Repeat the lines of the data exactly and exclude any picture among them.

Data entries:
++++

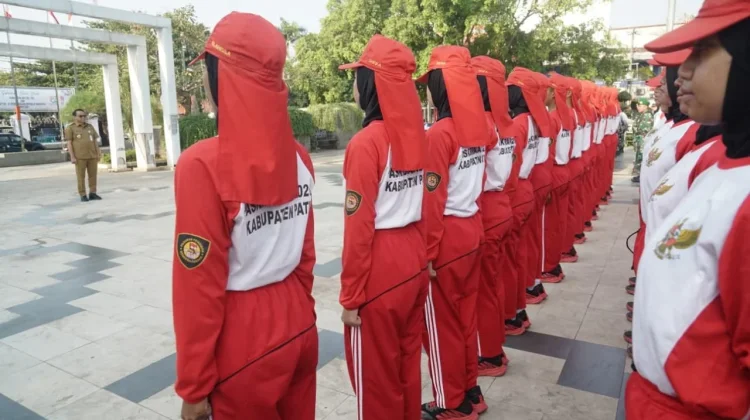 Paskibraka Kabupaten Pati Jalani Karantina Tiga Hari, Plt Bupati Beri Pesan Khusus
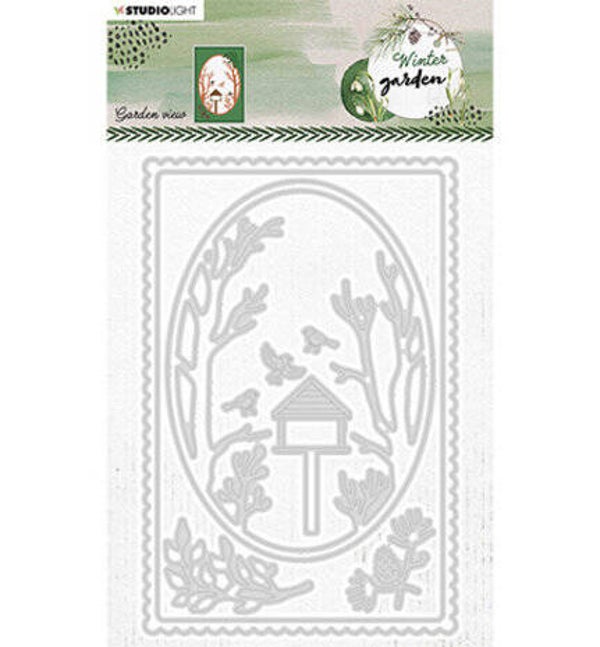 SL-WG-CD151 Winter Garden Snijmal Garden View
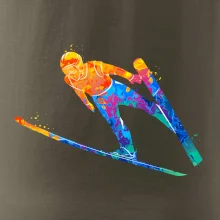 Skokan na lyžích splash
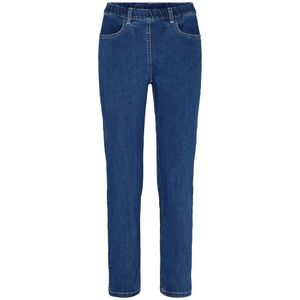 LauRie, Slim-fit Jeans Blauw, Dames, Maat:L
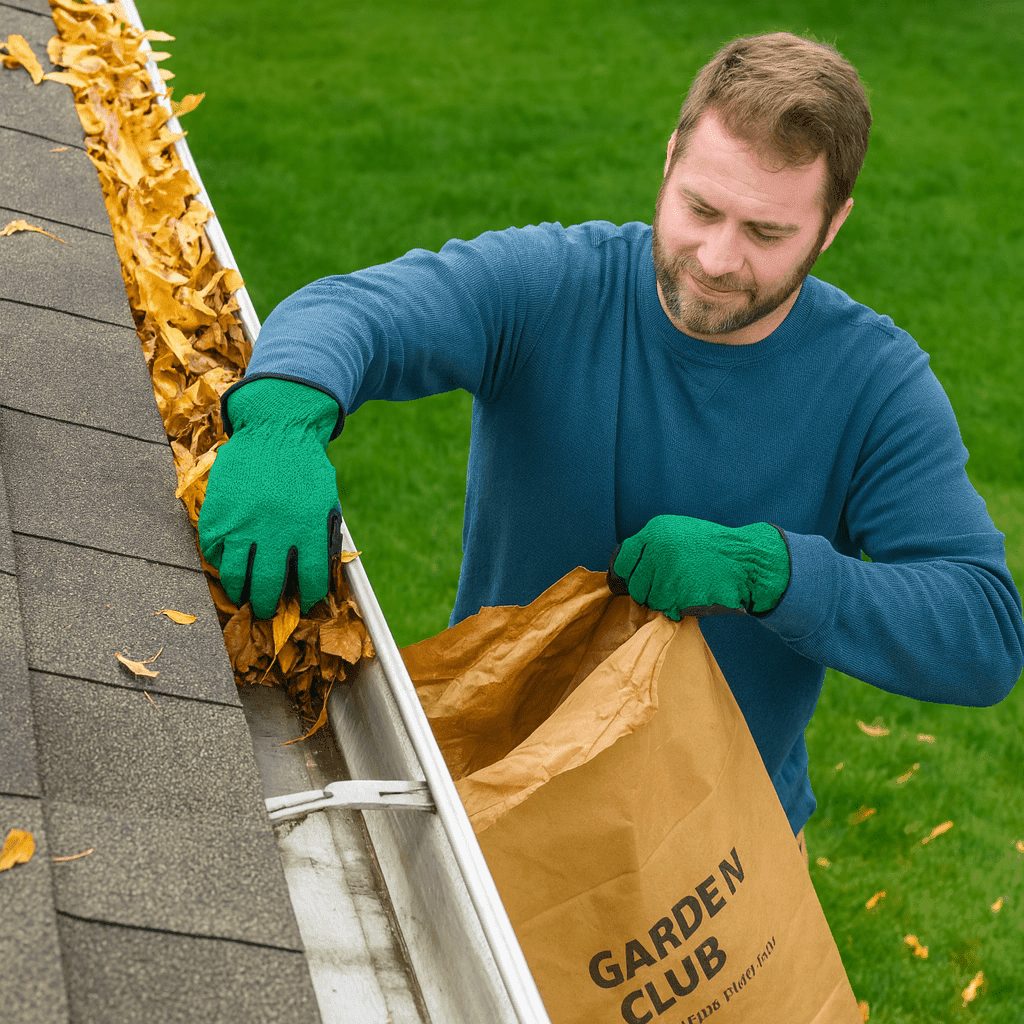 Gutter cleaning service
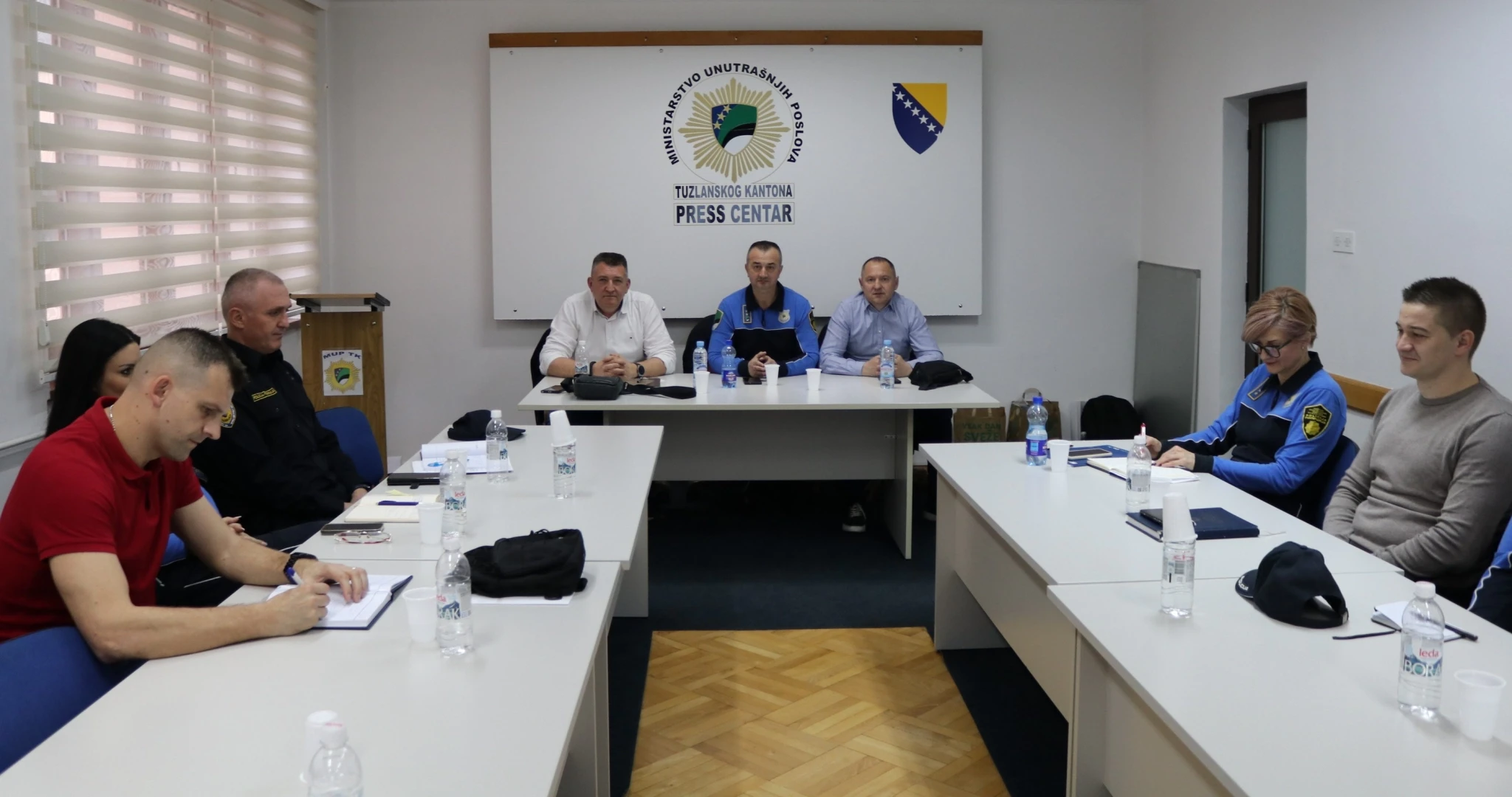 Uprava policije MUP TK – Na temu Pregovaranje u kriznim situacijama održan radni sastanak sa instruktorima iz Republike Slovenije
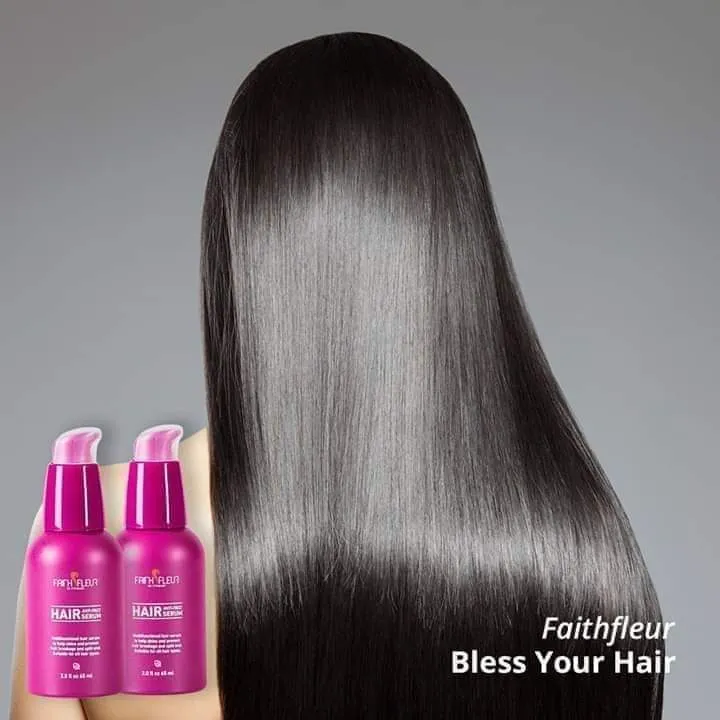 HAIR SERUM FAITH FLEUR Lazada
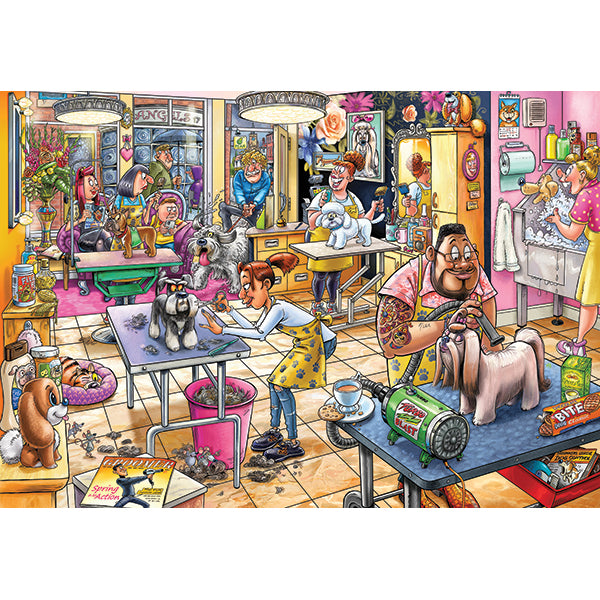 Wasgij Mystery #23 - Pooch Parlour (1000 Pieces)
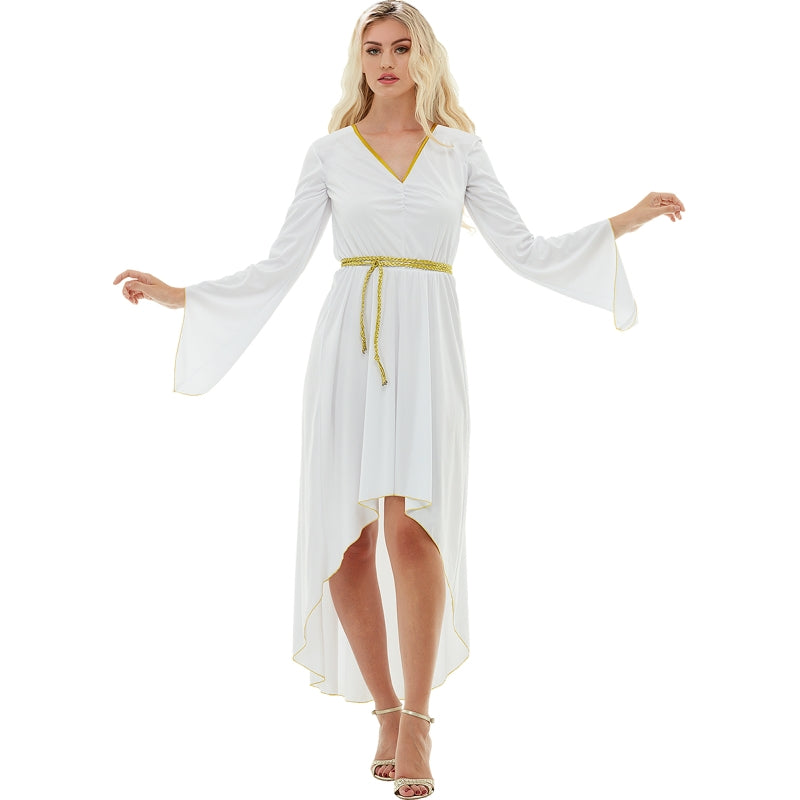 Disfraz de Ángel Blanco para mujer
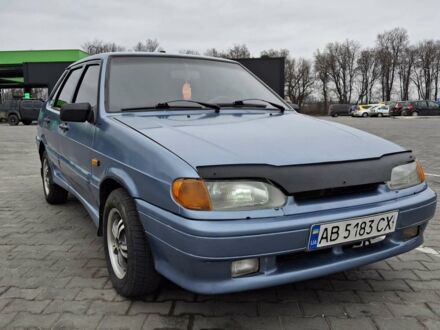 Синий ВАЗ 2115 Самара, объемом двигателя 1.5 л и пробегом 300 тыс. км за 2100 $, фото 1 на Automoto.ua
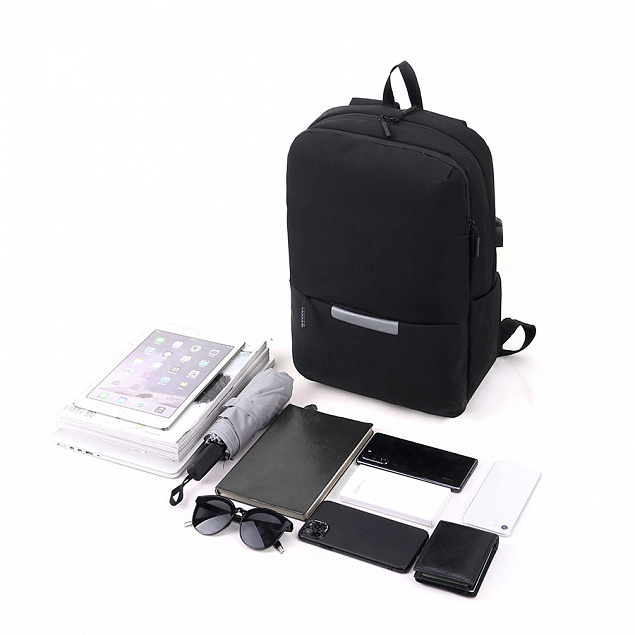 Рюкзак Befit - Черный AA с логотипом в Самаре заказать по выгодной цене в кибермаркете AvroraStore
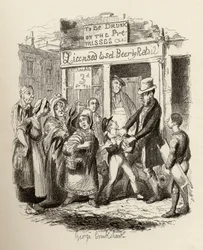 Oliver wird von seinen liebevollen Freunden beansprucht, aus 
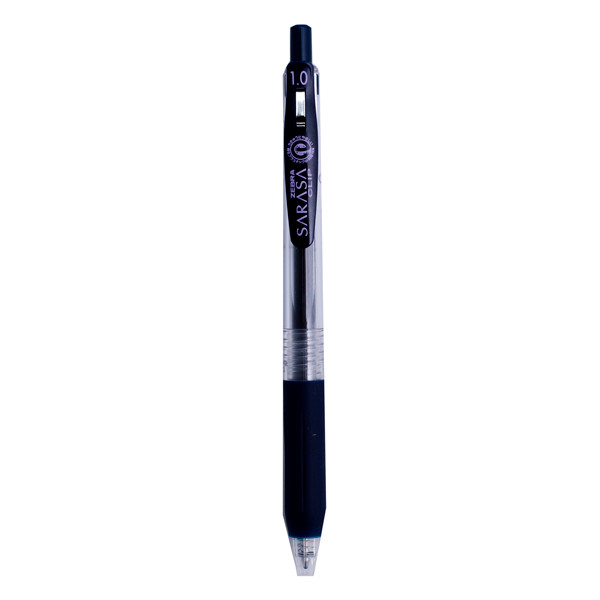 

Gramedia Pettarani - Zebra Sarasa Clip 1.0 - Pulpen Warna Biru Hitam / Blue Black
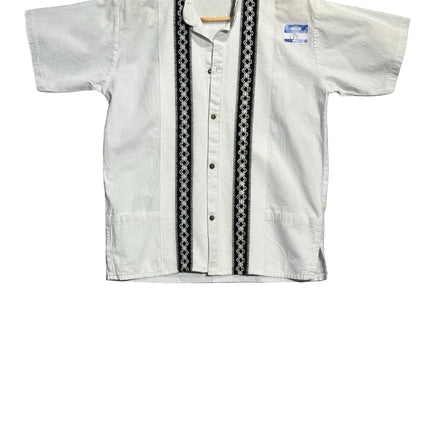 Vintage Short Sleeve Guayabera Unlabeled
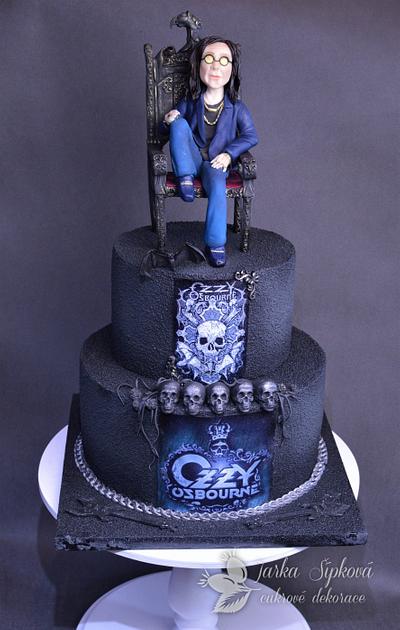 Ozzy Osbourne cake - Cake by JarkaSipkova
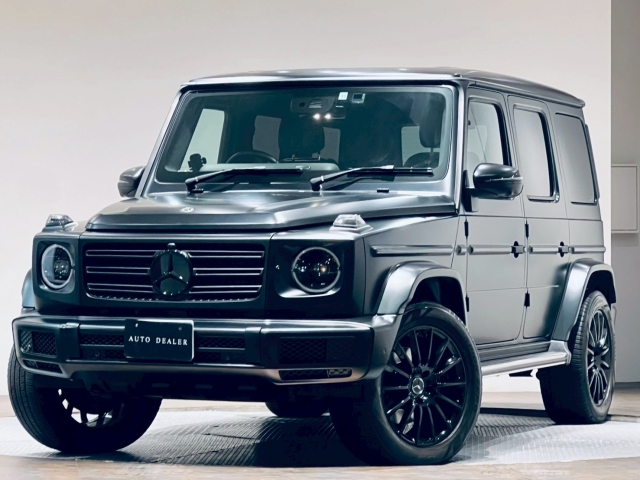 Mercedes-Benz G Class G400d Edition Magno Black Black 2022′ 82OMY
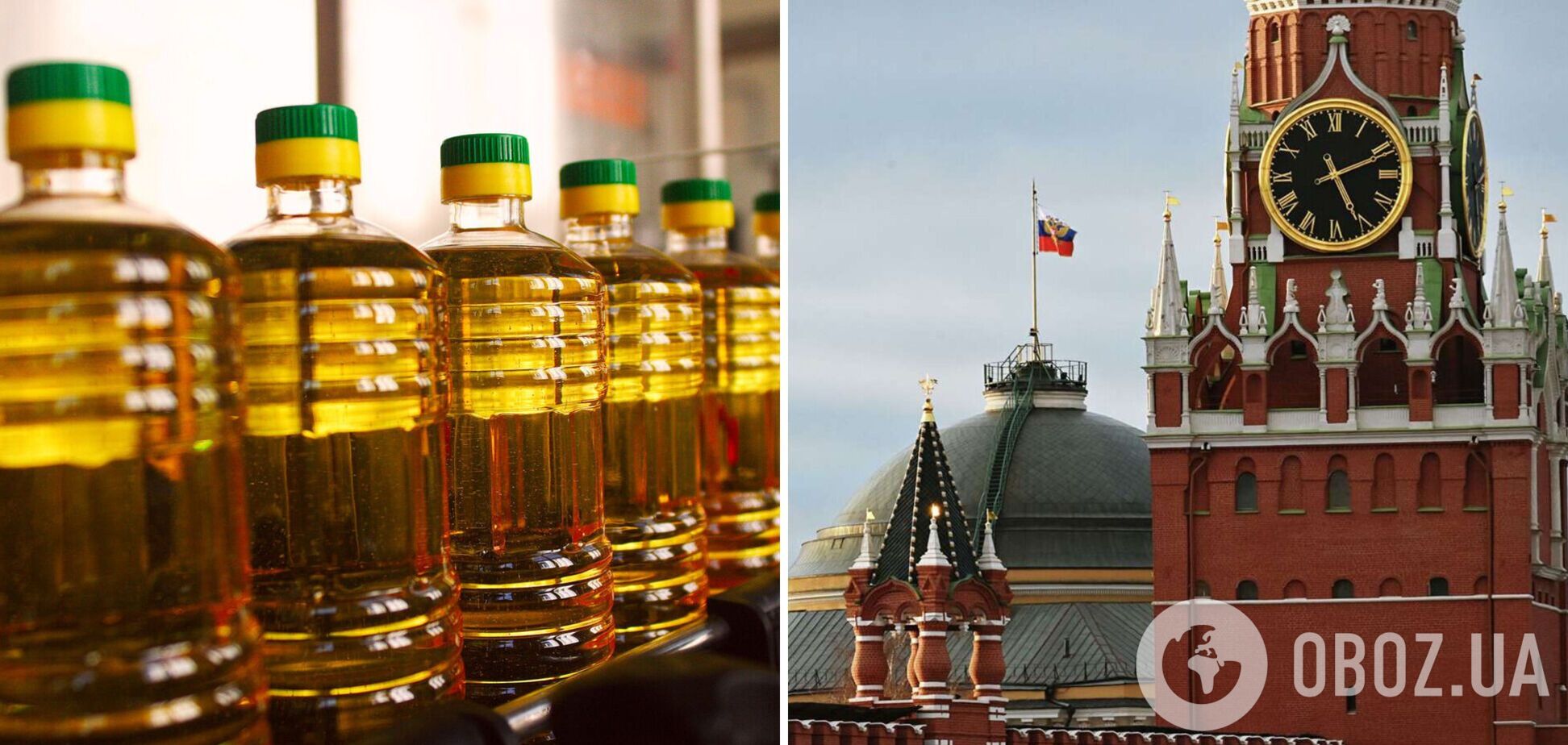 Російські солдати крадуть олію із захопленого заводу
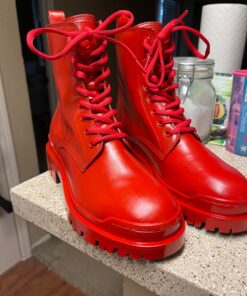 Angelus Acrylic Leather Paint Fire Red 4oz 4 Fl Oz (Pack of 1) 19 71hYrqTWL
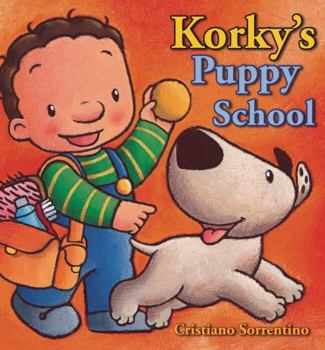 Board book Korky's Puppy School Book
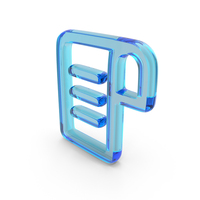 Glass Invoice Symbol PNG & PSD Images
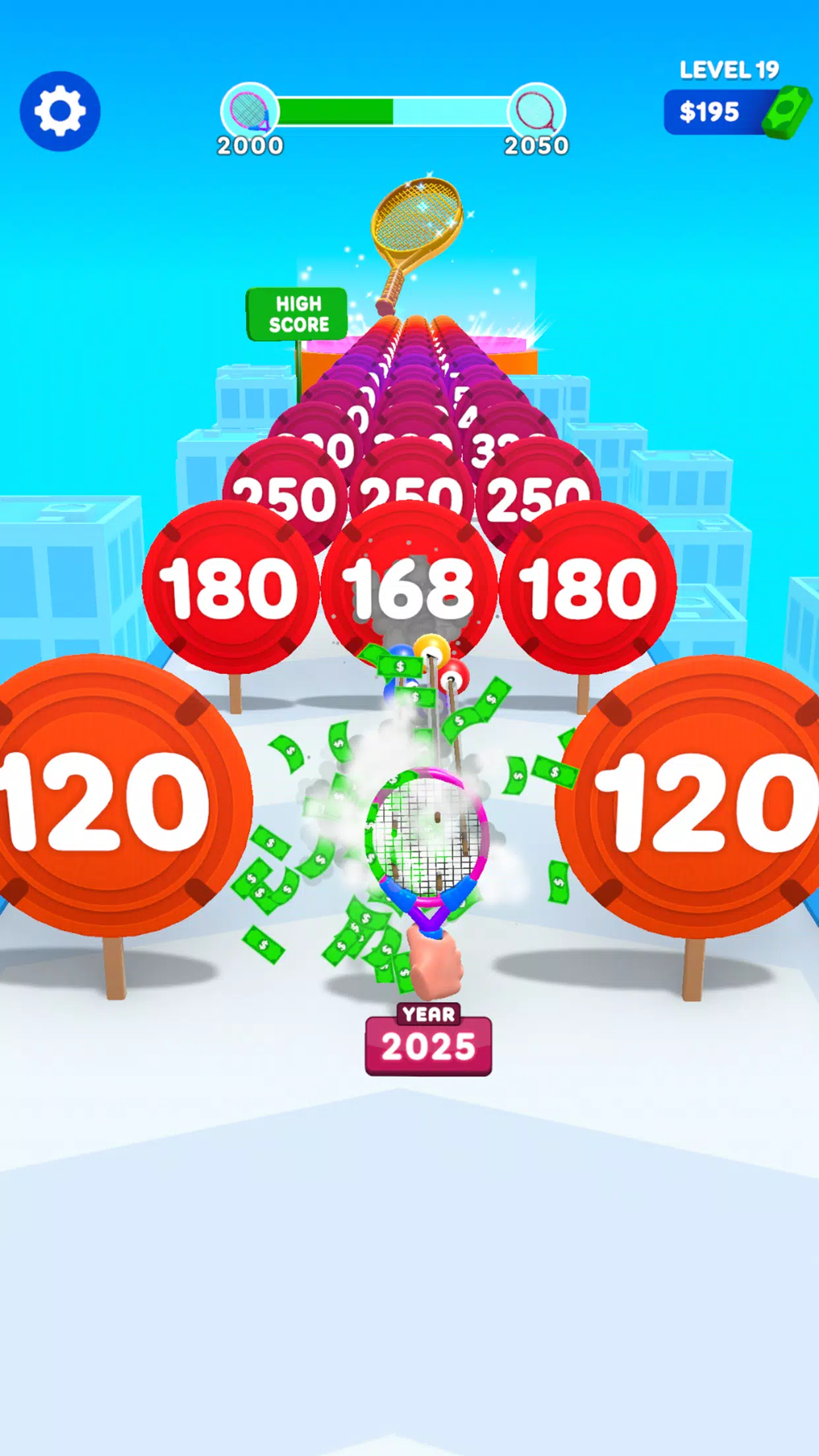 Racket Run Screenshot 3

++++

EXERCISE SOLUTION:
 Paskibraka Kabupaten Pati Jalani Karantina Tiga Hari, Plt Bupati Beri Pesan Khusus
 SL-WG-CD151 Winter Garden Snijmal Garden View
 Skokan na lyžích splash
 LauRie, Slim-fit Jeans Blauw, Dames, Maat:L
 Gutter cleaning service
 Uprava policije MUP TK – Na temu Pregovaranje u kriznim situacijama održan radni sastanak sa instruktorima iz Republike Slovenije
 HAIR SERUM FAITH FLEUR Lazada
 Wasgij Mystery #23 - Pooch Parlour (1000 Pieces)
 Disfraz de Ángel Blanco para mujer
 Синий ВАЗ 2115 Самара, объемом двигателя 1.5 л и пробегом 300 тыс. км за 2100 $, фото 1 на Automoto.ua
 Рюкзак Befit - Черный AA с логотипом в Самаре заказать по выгодной цене в кибермаркете AvroraStore
 Oliver wird von seinen liebevollen Freunden beansprucht, aus 

Gramedia Pettarani - Zebra Sarasa Clip 1.0 - Pulpen Warna Biru Hitam / Blue Black
 Vintage Short Sleeve Guayabera Unlabeled
 Ozzy Osbourne cake - Cake by JarkaSipkova
 Mercedes-Benz G Class G400d Edition Magno Black Black 2022′ 82OMY
 Російські солдати крадуть олію із захопленого заводу
 Angelus Acrylic Leather Paint Fire Red 4oz 4 Fl Oz (Pack of 1) 19 71hYrqTWL
 Board book Korky's Puppy School Book
 Glass Invoice Symbol PNG & PSD Images
 Racket Run Screenshot 3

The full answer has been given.